INPUT START

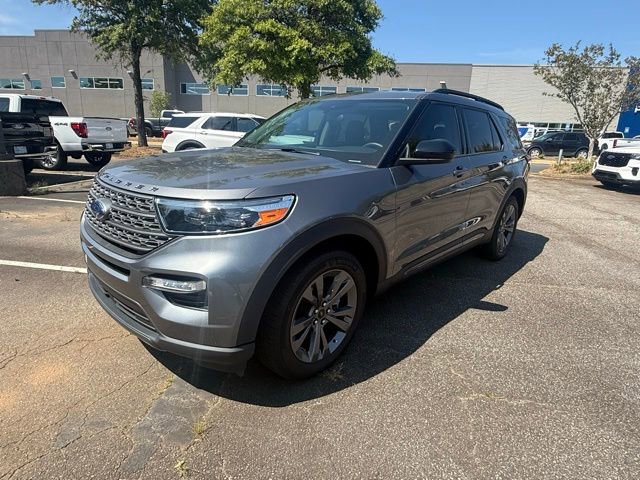New 2024 Ford Explorer XLT w/ Equipment Group 202A image 2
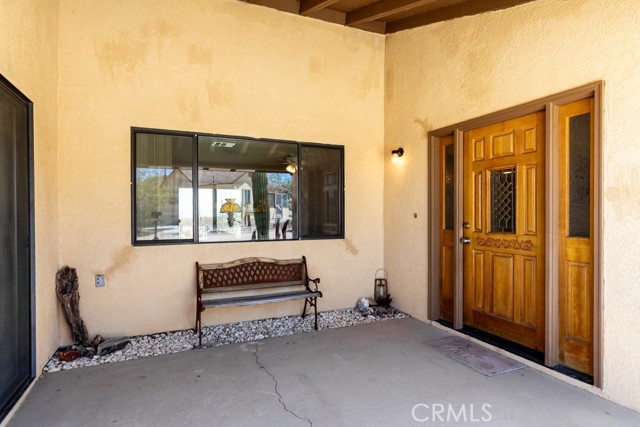 Detail Gallery Image 4 of 75 For 6425 Indian Cove Rd, Twentynine Palms,  CA 92277 - 4 Beds | 3 Baths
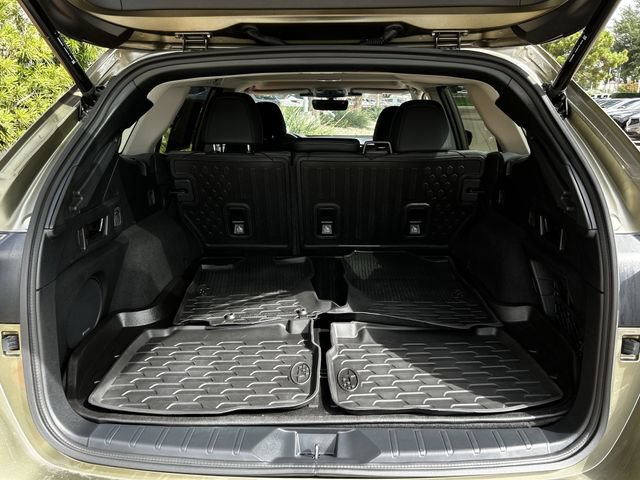 Used 2025 Subaru Outback Onyx Edition AWD/4WD image 32
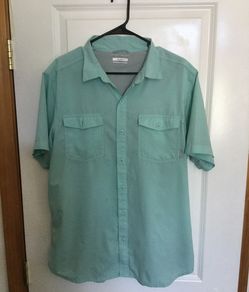 Columbia men’s large activewear shirt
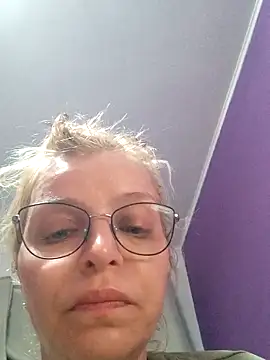 Snapshot of BritneyHudson chatting on February 2026 02:11:01 AM BritneyHudson online show from February 2026 02:11:01 AM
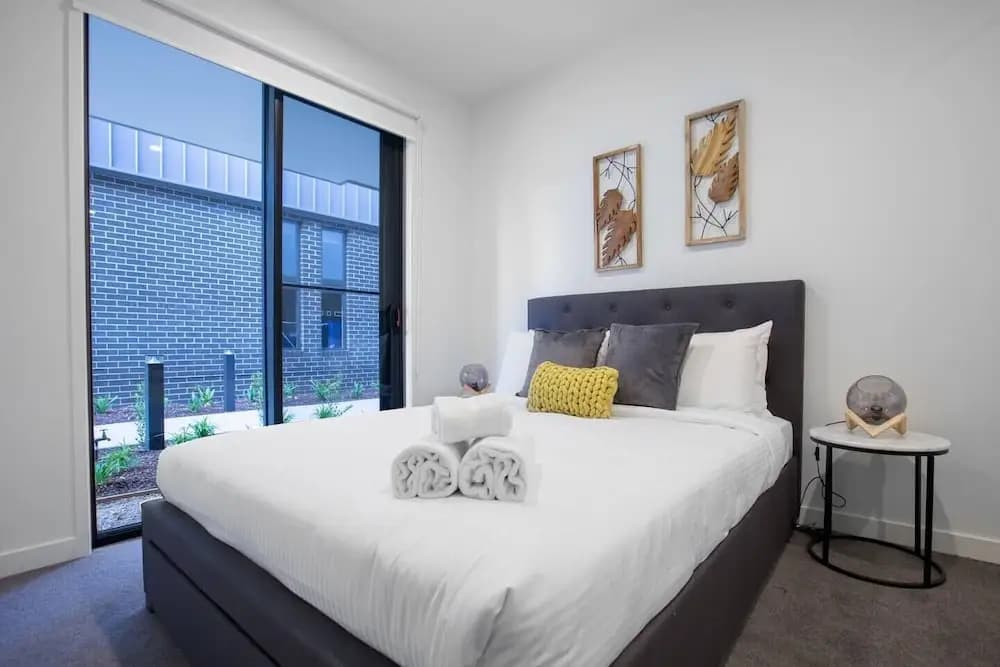 Elegant Stylish Living@mooneeponds Wifi/parking - photo 5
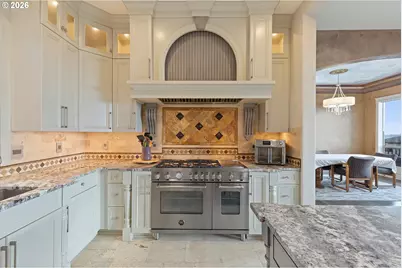 12433 SE Verlie St, Happy Valley, OR 97086 - Photo 13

INPUT END

**TASK GOAL**
A word-for-word reprint of the listing above is needed, minus the pictures.

**RESPONSE AREA**
New 2024 Ford Explorer XLT w/ Equipment Group 202A image 2
 Detail Gallery Image 4 of 75 For 6425 Indian Cove Rd, Twentynine Palms,  CA 92277 - 4 Beds | 3 Baths
 Used 2025 Subaru Outback Onyx Edition AWD/4WD image 32
 Columbia men’s large activewear shirt
 Snapshot of BritneyHudson chatting on February 2026 02:11:01 AM BritneyHudson online show from February 2026 02:11:01 AM
 Elegant Stylish Living@mooneeponds Wifi/parking - photo 5
 12433 SE Verlie St, Happy Valley, OR 97086 - Photo 13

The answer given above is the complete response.